Complex instructions with DMA (Step 4)
An arbitrarily complex ALU is also generated to replace the original CONV. This changes the slope of the original curve and dramatically improves the latency once more. However, FPGA utilization has also jumped up since the complex instruction has taken more resources inside the FPGA. Once again, the resource bar standing at nearly 100% is simply due the fact that the FPGA here contains the entire camera subsystem for demonstration purposes, what is important to note is the relative decrease in latency and increase in utilization (Figure 8).

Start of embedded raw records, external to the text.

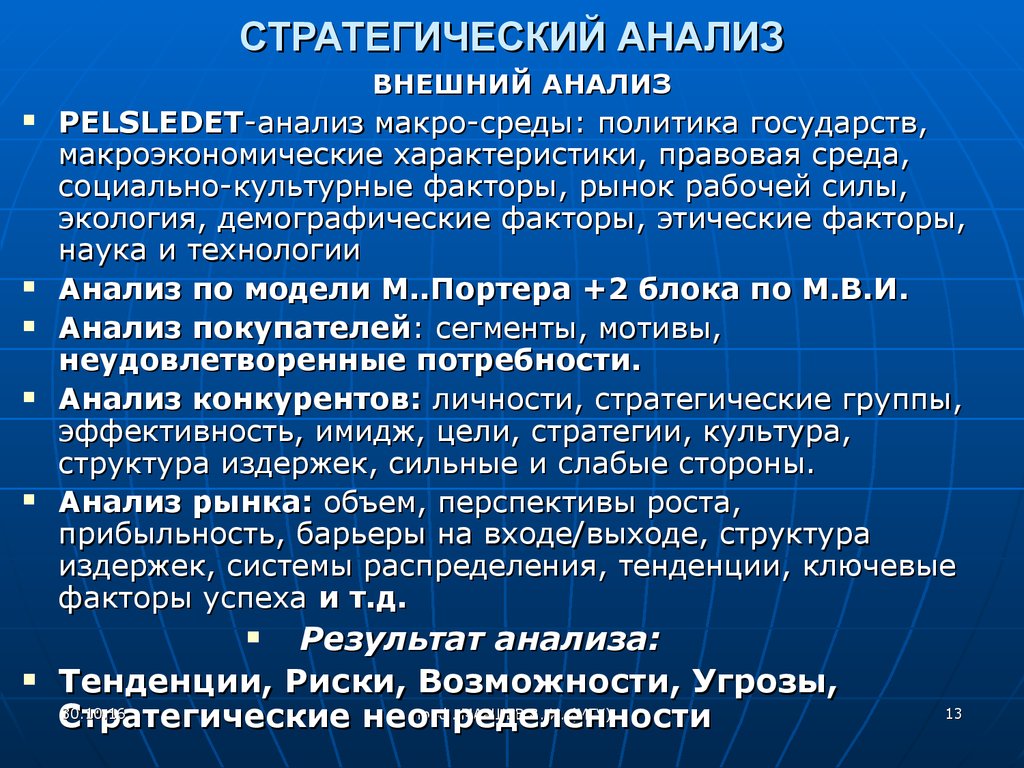 Анализ стратегии. Стратегический анализ. Методы стратегического анализа внешней.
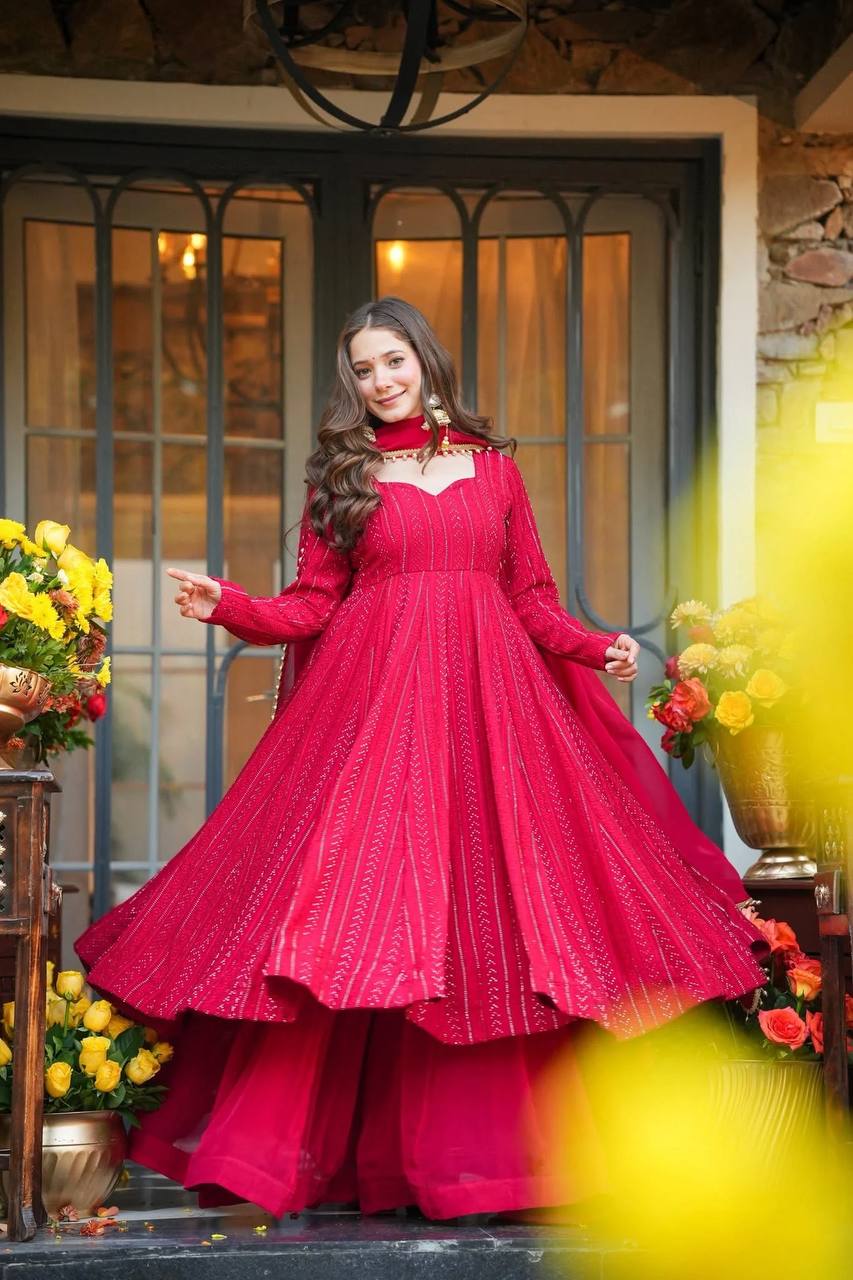 Soft Rose Lakhnavi Embroidered Work Anarkali Suit Set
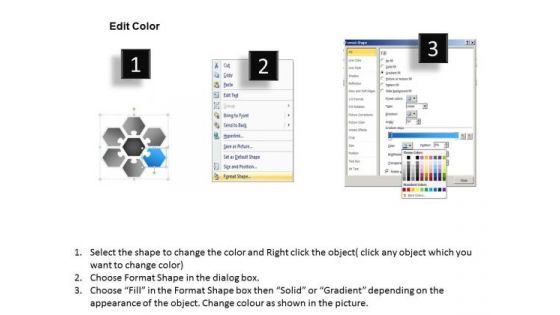 Hexagon Diagram Multicolor 6 Factors Sample Sales Business Plan PowerPoint Templates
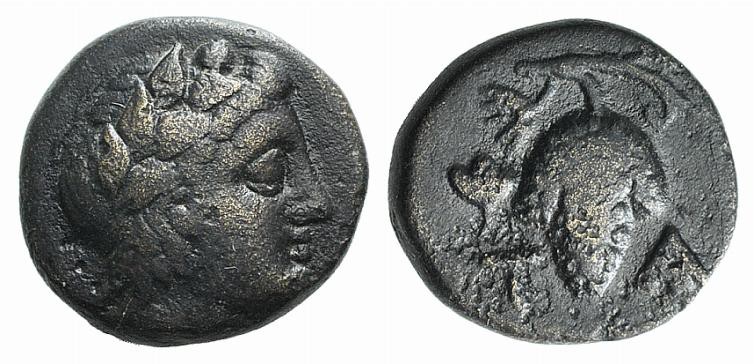 Aeolis, Temnos, 3rd century BC. Æ (11.5mm, 2.23g, 12h). Bearded head of Dionysos...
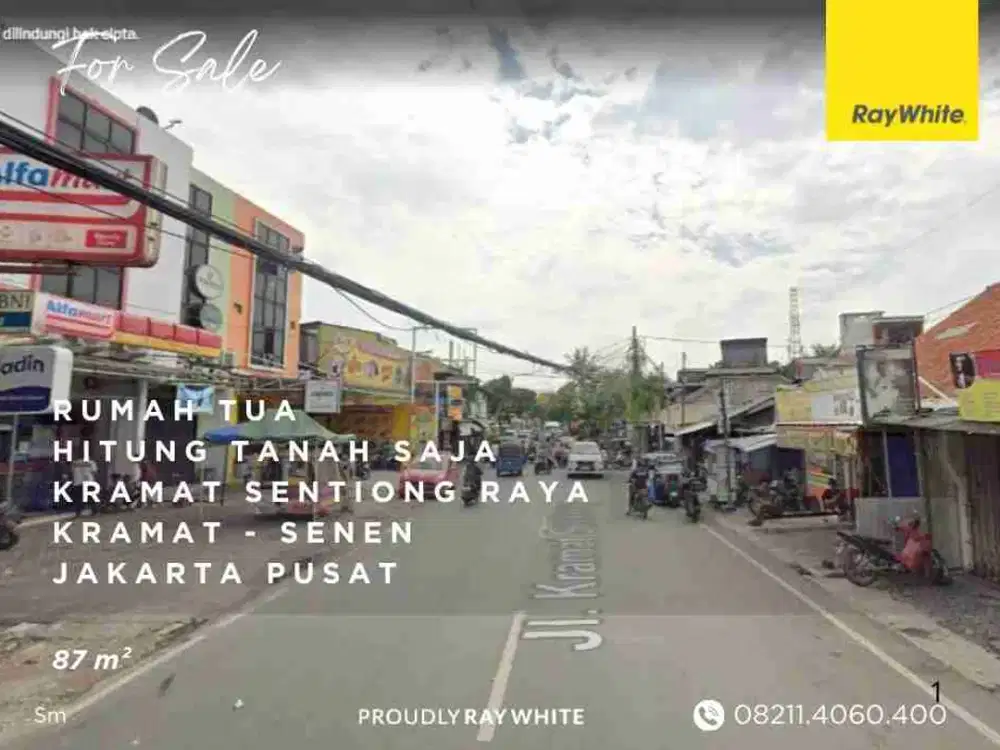 Kramat Sentiong - Rumah Tua - Hitung Tanah - 87 m²
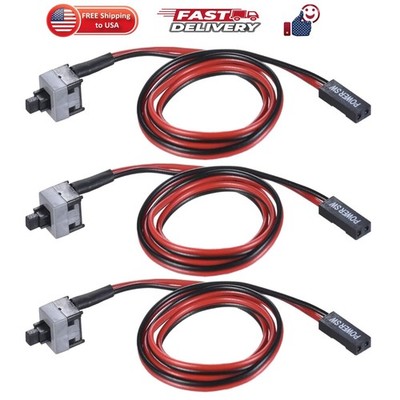 3 Pack 2 Pin SW PC Desktop Power Cable On/Off Push Button ATX Computer Switch...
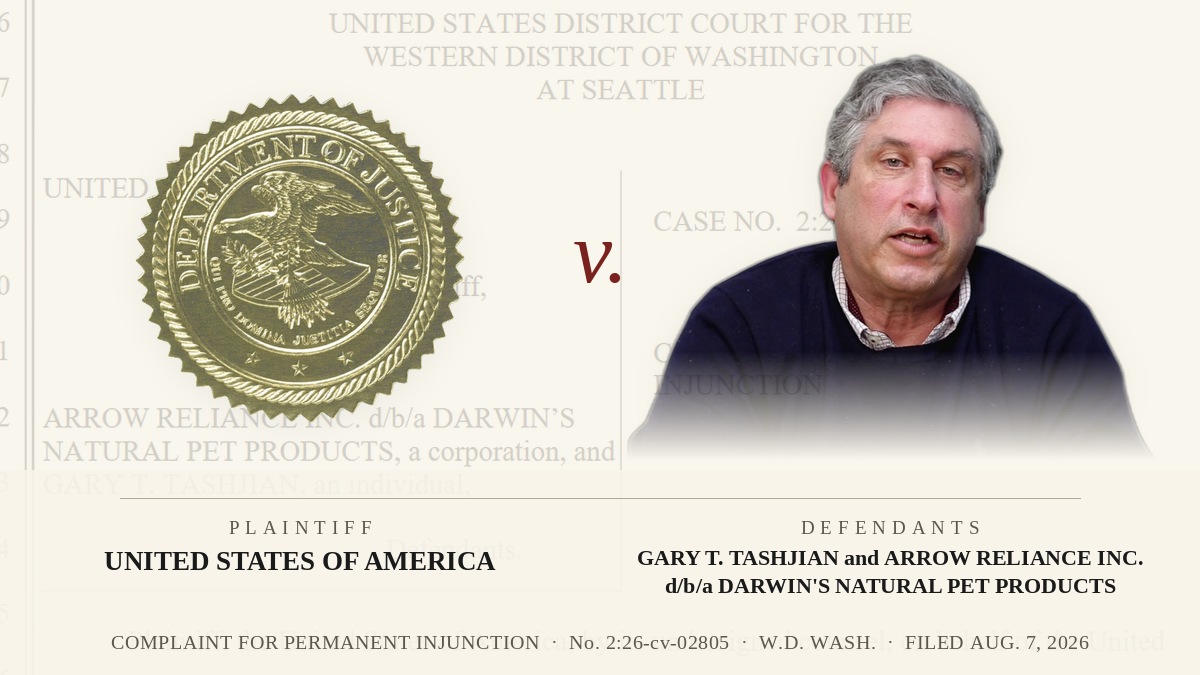 The Department of Justice seal opposite a portrait of Gary T. Tashjian, over the caption page of the federal complaint.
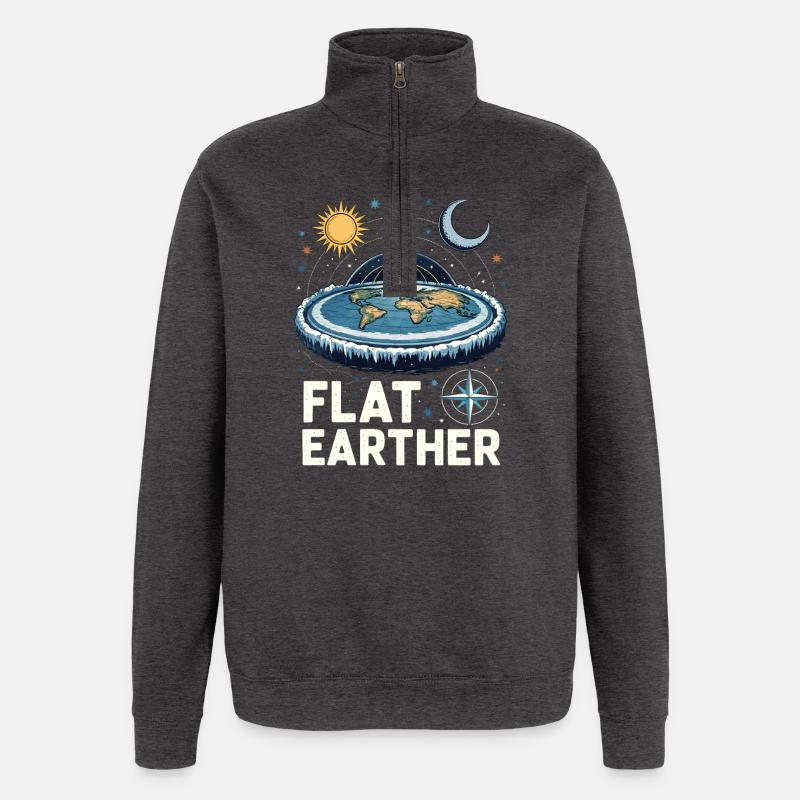 Partisans de la Terre plate - Sweat à zip 1/4 - charbon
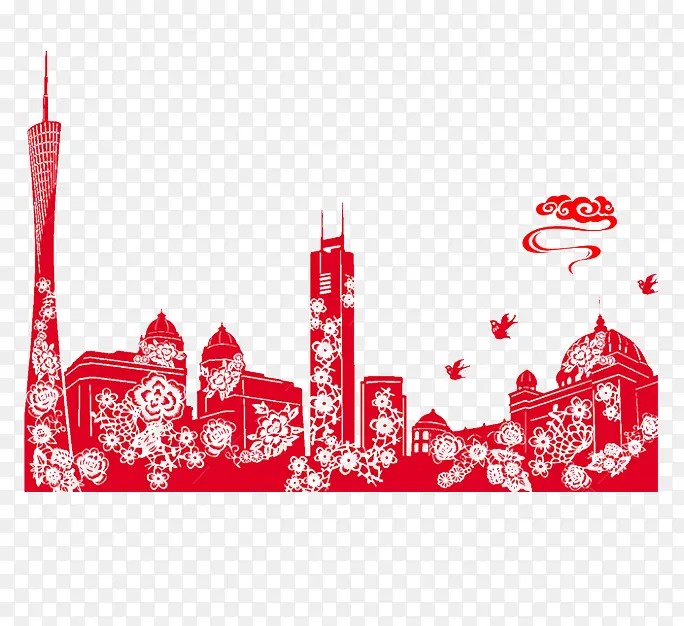 中国风城市剪纸剪影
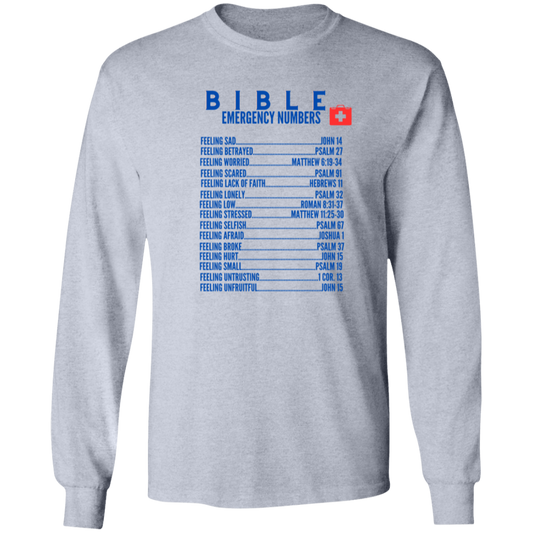 Emergency Bible Numbers Christian T-Shirt - Long Sleeve Blue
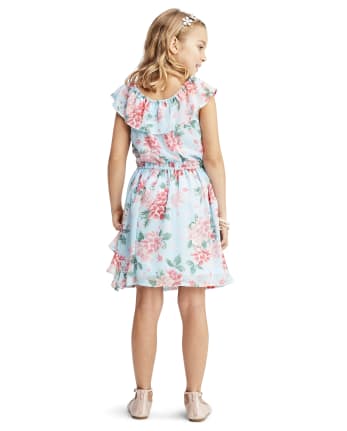 Girls Floral Ruffle Dress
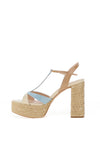 Lodi Telor Leather Woven Platform Heeled Sandals, Cotton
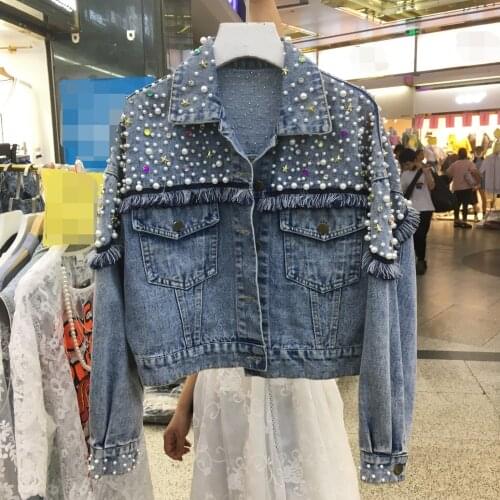 2021 Spring Autumn Korean Retro Heavy Beads Colorful Diamond Frayed Hem Denim Jacket Women StreetWear Bf Long Sleeve Clothes Top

What’s more, switching to a larger FPGA, such as the Ti180, would run all of these complex instructions for massive acceleration without using even 50 percent of the FPGA resources available. These apparent tradeoffs are precisely what allow engineers to readily visualize the balancing act between latency, power consumption, and the cost/size of the FPGA. An edge application that has stringent latency requirements but more lenient power constraints could opt to increasingly accelerate the design for a drastic performance improvement. In power constrained applications, this increase in performance can be traded off by reducing the clock speed for a more moderate improvement in performance at a dramatically lower power.
A paradigm shift in AI/ML development
In a nutshell, Efinix has combined the familiar development environment of the RISC-V ISA and exploited its custom instruction capability to function within the architecturally flexible FPGA fabric. Unlike many hardware accelerators, this approach does not require any third-party tools or compilers. The acceleration is also fine grain with the acceleration of machine instructions — a level of granularity that only makes sense with an FPGA.
The fact that edge devices can be prototyped and deployed on the innovative design architecture of the Efinix FPGA means the solution is future-proofed. New models and updated network architectures can be expressed in familiar software environments and accelerated at the custom instruction level with only a small amount of VHDL (with libraries of available templates to use for guidance). This degree of hardware-software partitioning where 90 percent of the model remains in software running on the RISC-V allows for an extremely fast time to market. The combination of all of these approaches yields an elegant solution that truly lowers the barriers to entry for implementing an edge device. Designers now have access to a world-class embedded processing capability that can be accessed with a state-of-the-art tool flow and instantiated on the revolutionary Efinix Quantum fabric.